The research, which is detailed in Physical Review Letters, is still in its infancy and there are many challenges to overcome. One key question is whether the technology can function in the vertical as well as the horizontal direction, and thereby control a spacecraft’s pitch as well as its side-to-side yaw. The RIT team plan to test their design in the coming months to find out.

Looking forward, Swartzlander says he hopes to use the team’s diffractive sails on a spacecraft that would fly a camera to the north and south poles of the Sun. “These sails are transparent, so they’re not going to absorb a lot of heat from the Sun, and we won’t have the heat management problem as you do with a (conventional, reflecting) metallic surface,” he says. He estimates that it would take five years for such a spacecraft to reach the solar poles and make the first direct images of these so-far-unobserved regions.

In the more distant future, Swartzlander believes that sail-driven spacecraft might occupy a prominent place in the developing space economy. “Convoys of reusable solar sails could be used to transport precious resources throughout the solar system without fuel, ferrying water and minerals to an orbiting processing facility,” he tells Physics World.

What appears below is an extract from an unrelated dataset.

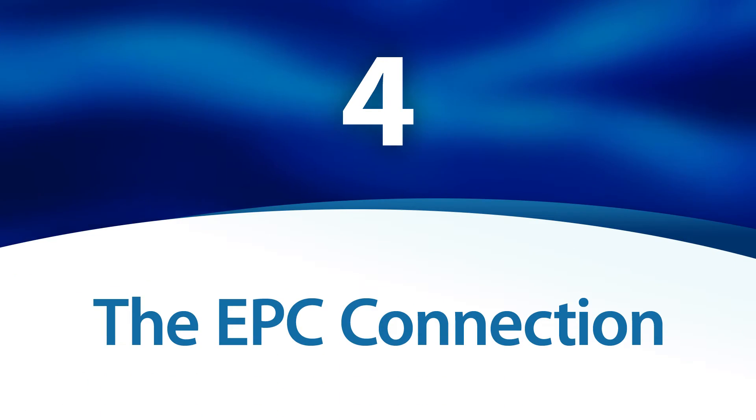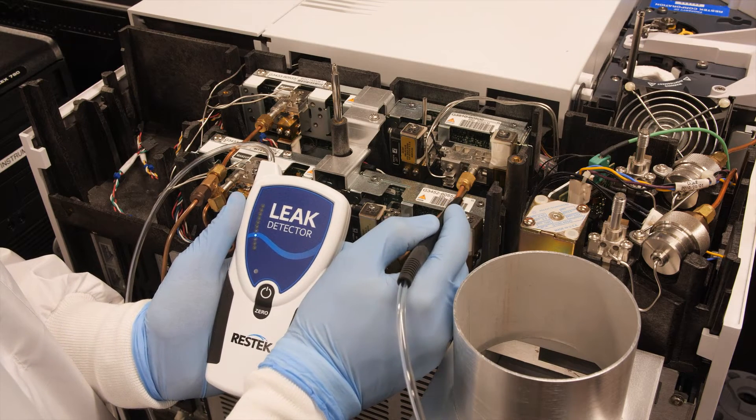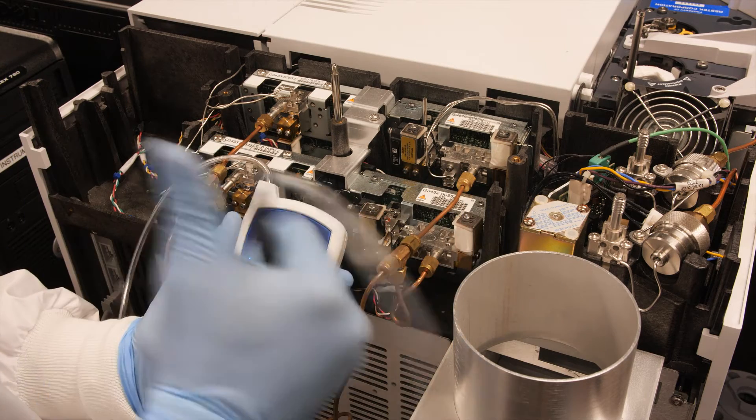The EPC connection. All gases enter the GC through the EPC, so it's a critical spot to check for leaks. If you find a leak, ensure all the connections into the GC are clean and secure.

Philip Lubin of the University of California, Santa Barbara, who was not involved in the research, says that the RIT’s team’s work on diffractive reflectors for solar and laser sails is a “very important step forward”. In his view, the study, which was supported by NASA, shows that non-traditional custom materials such as diffractive and photonic crystal-based reflectors provide unique and highly desirable characteristics, including the ability to beam follow (for laser sails) and self-stabilize (for laser and solar sails). “Excellent work with much more to come,” he concludes.